As described above in detail, according to the gas water heater of the present invention, even if the voltage of the battery power source is reduced, when the magnet type safety valve is opened, normal ignition is performed. It is safe because no raw gas is released. Further, since the magnet is securely attracted and the valve is kept open to continue burning, the valve does not close once after ignition, and does not disappear, thereby improving usability.

[Brief description of the drawings]

FIG. 1 is a schematic configuration diagram of a gas appliance as one embodiment.

FIG. 2 is a schematic circuit diagram according to an embodiment of the present invention.

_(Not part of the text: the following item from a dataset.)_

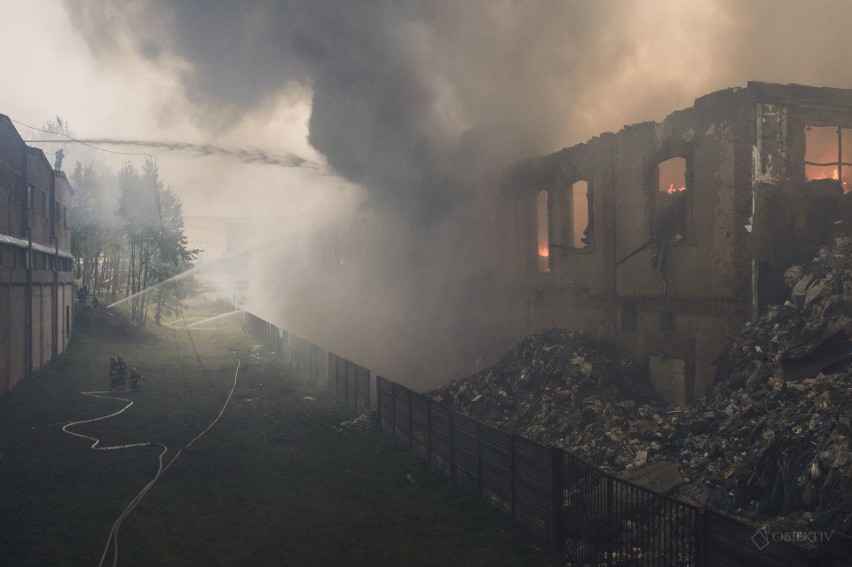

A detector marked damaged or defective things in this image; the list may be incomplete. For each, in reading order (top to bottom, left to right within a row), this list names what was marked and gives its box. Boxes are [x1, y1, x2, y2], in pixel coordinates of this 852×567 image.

charred brick facade [0, 115, 75, 398]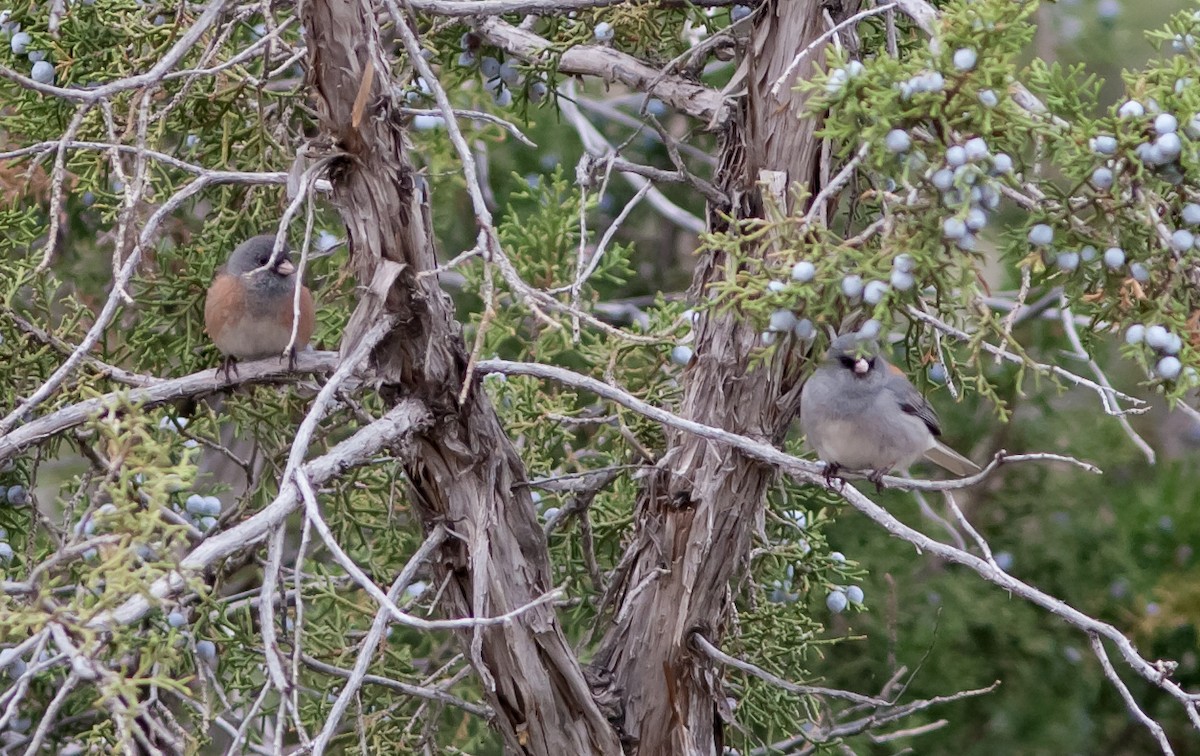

FIG. 3 is a voltage characteristic diagram of the magnet valve driving circuit according to the embodiment of the present invention.

[Explanation of symbols]

Reference Signs List 13 Main burner 18 Pilot burner 19 Ignition rod 21 Magnet lube 22 Thermocouple 101 Magnet valve drive circuit 102 Auxiliary device (push solenoid) drive circuit 103 Igniter drive circuit Eps (min) Power supply voltage at the limit of operation of auxiliary device (push solenoid) Eq (min) Power supply voltage at the limit of operation of the magnetic safety valve Eig (min) Power supply voltage at the limit of operation of the igniter

Claims (1)

(57) [Claims] A thermocouple for generating an electromotive force by combustion heat; a magnet-type safety valve for shutting off a gas flow path due to a decrease in the electromotive force of the thermocouple when combustion is abnormal; and an electromotive force for the thermocouple. At the time of ignition until it rises, a magnet valve drive circuit that energizes the magnet type safety valve to hold the valve open, an auxiliary device drive circuit that pushes the magnet type safety valve to reset it to the valve open position, In a gas appliance including an igniter circuit that generates and ignites fuel gas and a dry cell power supply that supplies power to each of the above circuits, the power supply voltage at the time when each part can operate due to the decrease in the dry cell power supply is set to [Auxiliary device drive Circuit operation limit voltage> magnet valve drive circuit operation limit voltage> igniter circuit operation limit voltage]. Gas appliances.